Cotton Achievement Award Honors Jack McDonald

The late Jack McDonald is the recipient of the '09 Oscar Johnston Lifetime Achievement Award.

February 10, 2010
Contact: Marjory Walker
(901) 274-9030

MEMPHIS, Tenn. – The late Jack McDonald is the recipient of the 2009 Oscar Johnston Lifetime Achievement Award.

His widow, Virginia, accepted the honor here today at the National Cotton Council’s 2010 Annual Meeting.

The annual award, established in 1997, is named for Oscar Johnston, whose vision, genius and tireless efforts were foremost in the organization of and shaping of the NCC. The award is presented to an individual, now deceased, who served the cotton industry, through the NCC, over a significant period of his or her active business career. The award also recognizes those who exerted a positive influence on the industry and who demonstrated character and integrity as well as perseverance and maturation during that service.

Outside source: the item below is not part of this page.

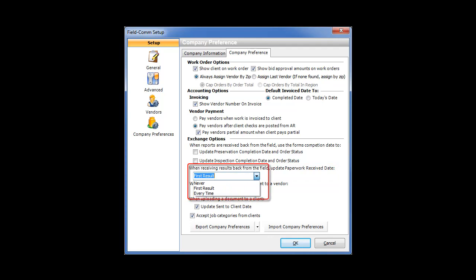If you select First Result from the drop-down, FieldCom will only update the paperwork received to date the first time results are received. If the vendor sends a second set of results for a work order, the date won't be updated. If you select Every Time, then every time the vendor sends results to you, the paperwork received date will be updated. If you select Never, then FieldCom will never update the paperwork received date field for you.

Mr. McDonald, the 11th individual to be honored with this award, was the Council’s 40th president and the fourth crusher to serve in that role. He had spent his entire career with Buckeye Cellulose Corporation until 1980 when he was named president of the new Southern Cotton Oil Division of Archer-Daniels-Midland Company.

“Jack McDonald’s corporate skills and extensive cotton industry knowledge served the Council well,” outgoing NCC Chairman Jay Hardwick said. “During his year as Council president, cotton’s three-step competiveness program was being threatened by the previous year’s high program costs. Jack and the Council’s senior staff were able to make a strong case and a commitment to USDA and Congressional leaders that ultimately resulted in a technical correction to the program while not undermining the integrity of the whole cotton program.”

Other milestones during Mr. McDonald’s year as president included USDA’s first ever Step 1 adjustment and the passage of the producer referendum which facilitated a uniform research and promotion assessment and extended the assessment to include the foreign cotton content of textile imports.

Mr. McDonald served the cotton industry in numerous leadership capacities before being elected as NCC president, including as a NCC vice president and director. He previously had served as the president of the National Cottonseed Products Association and as a member of its Board. He also served twice as Memphis Board of Trade president.

Mr. McDonald, who was raised in Helena, AR., graduated from Mississippi State University in 1953 and earned his master’s degree from Georgia Tech in 1956.

Previous Oscar Johnston Lifetime Achievement Award recipients are: William Garrard, first general manager of Greenwood, MS-based Staplcotn Cooperative; Sykes Martin, a Courtland, AL, producer; Walter Montgomery, Sr., a Spartanburg, SC, textile manufacturer; William Rhea Blake, a former NCC executive vice president; Roger Malkin, long-time chairman and CEO of Delta and Pine Land Company, Scott, MS; and former NCC presidents, George C. Cortright, Jr., a Rolling Fork, MS, producer; Jack Hamilton, a Lake Providence, LA, producer/ginner/warehouseman; Lon Mann, a Marianna, AR, ginner; and Charles Youngker, a Buckeye, AZ, producer; and former NCC chairman James E. Echols, a Memphis, TN, merchant. Echols was the first to occupy the position of NCC chairman after the NCC changed the organization’s top position to chairman.